Using two opposing quotes—Raymond Chandler’s The Big Sleep as the “believer” and Margaret Atwood’s The Robber Bride as the “skeptic”—I examined how typography, layout, and composition can create a visual dialogue between objectification and resistance.

Believer: “I sat down on the edge of a deep soft chair and looked at Mrs. Regan. She was worth a stare. She was trouble. She was tall and rangy and strong-looking. She had a good mouth and a good chin. There was a sulky droop to her lips and the lower lip was full. She had a drink. She took a swallow from it and gave me a cool level stare over the rim of the glass. Her hair was as artificial as a night club mustache; she was as artificial as a well-cut dress on a hanger. But she was all woman, and she was all out to get back at something. I didn’t know what or why. I didn’t care. She was giving me the look.” — Raymond Chandler, The Big Sleep (1939)

Skeptic: “Male fantasies, male fantasies, is everything run by male fantasies? Up on a pedestal or down on your knees, it’s all a male fantasy: that you’re strong enough to take what they dish out, or else too weak to do anything about it. Even pretending you aren’t catering to male fantasies is a male fantasy: pretending you’re unseen, pretending you have a life of your own, that you can wash your feet and comb your hair unconscious of the ever-present watcher peering through the keyhole, peering through the keyhole in your own head, if nowhere else. You are a woman with a man inside watching a woman. You are your own voyeur.” — Margaret Atwood, The Robber Bride (1993)

Iterations

Inspired by Agnès Varda’s reflection that “the tool of every self-portrait is the mirror,” I centered each poster around a woman holding a mirror. In the believer poster, she poses seductively, looking away from the viewer, and gazes inward at the mirror, reaffirming herself as an object to be admired—a passive presence.
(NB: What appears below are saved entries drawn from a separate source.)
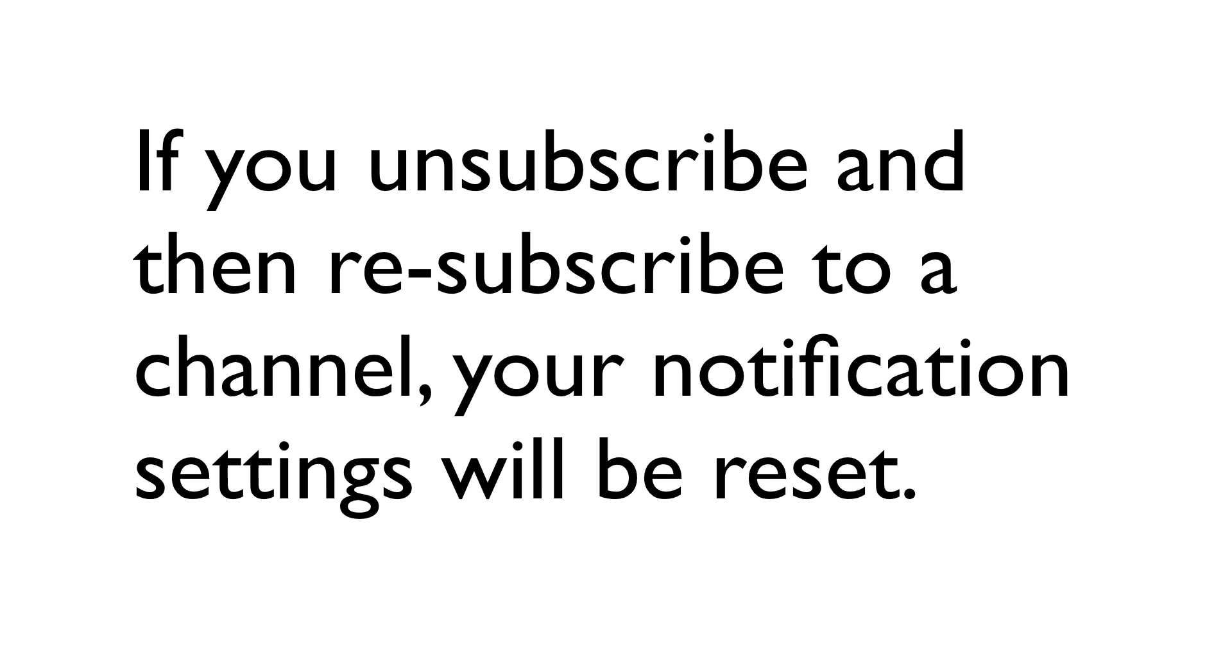Keep in mind that if you unsubscribe and then resubscribe to a channel, your notification settings will be reset.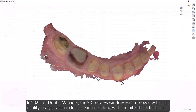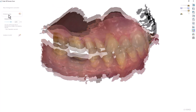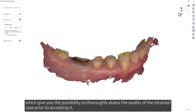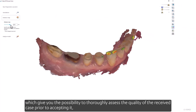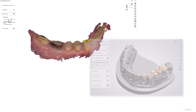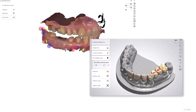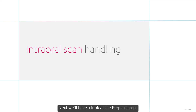In 2021, for Dental Manager, the 3D preview window was improved with a scan quality analysis and occlusal clearance along with bite check features. This gives you the possibility to thoroughly assess the quality of a received case prior to accepting it, or to validate the quality of the designed restoration.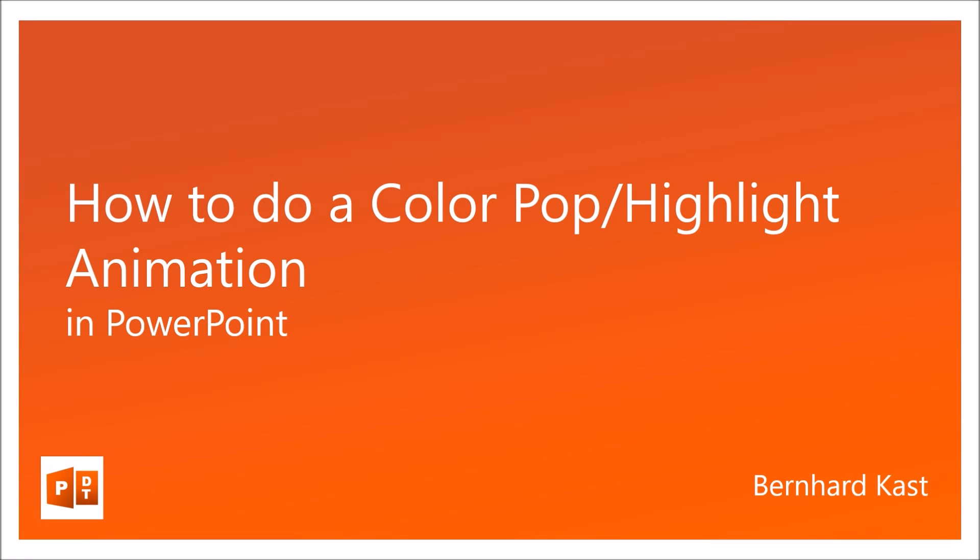Hello, my name is Bernard Kass. Today I'm going to show you how to do a color pop or highlight animation in PowerPoint.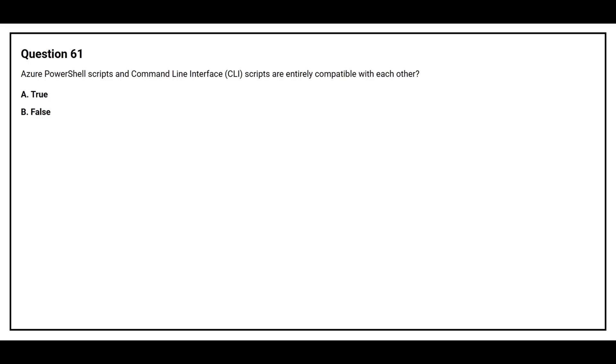Question number 61: Azure PowerShell scripts and Command Line Interface CLI scripts are entirely compatible with each other. Option A: True. Option B: False. The correct answer is option B, False.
In the skeptic poster, she takes a defiant stance, looks at the viewer straight-on, and turns the mirror outward, forcing the viewer to confront their own reflection and the act of looking at her.

Through several iterations, I simplified the silhouettes to focus on each woman’s interaction with the mirror and the surrounding text.

The believer’s text is set in Times, a clean sans serif, to evoke structure, control, and tradition. The text fills the negative space around her, symbolizing how the male gaze projects meaning onto women and confines her identity, defining her not by her own voice, but by what is said about her. The reflective material makes the viewer’s face occupy the space inside her silhouette, literally imposing their image and identity onto hers.

In contrast, the skeptic’s text—rendered in my own raw, personal handwriting—fills the positive space of her form, representing a woman who defines herself. The placement of the reflective material means the viewer’s reflection appears only in the background, never overtaking her form.

Final

To heighten the contrast, I used pink ink selectively: reinforcing stereotypes in the believer piece and subverting them in the skeptic.

The two posters below represent the final digital versions.

The final, physical posters were screen printed on layered acrylic and metal, creating a partially reflective surface that invites the viewer to see themselves—without allowing their reflection to overpower the subjects.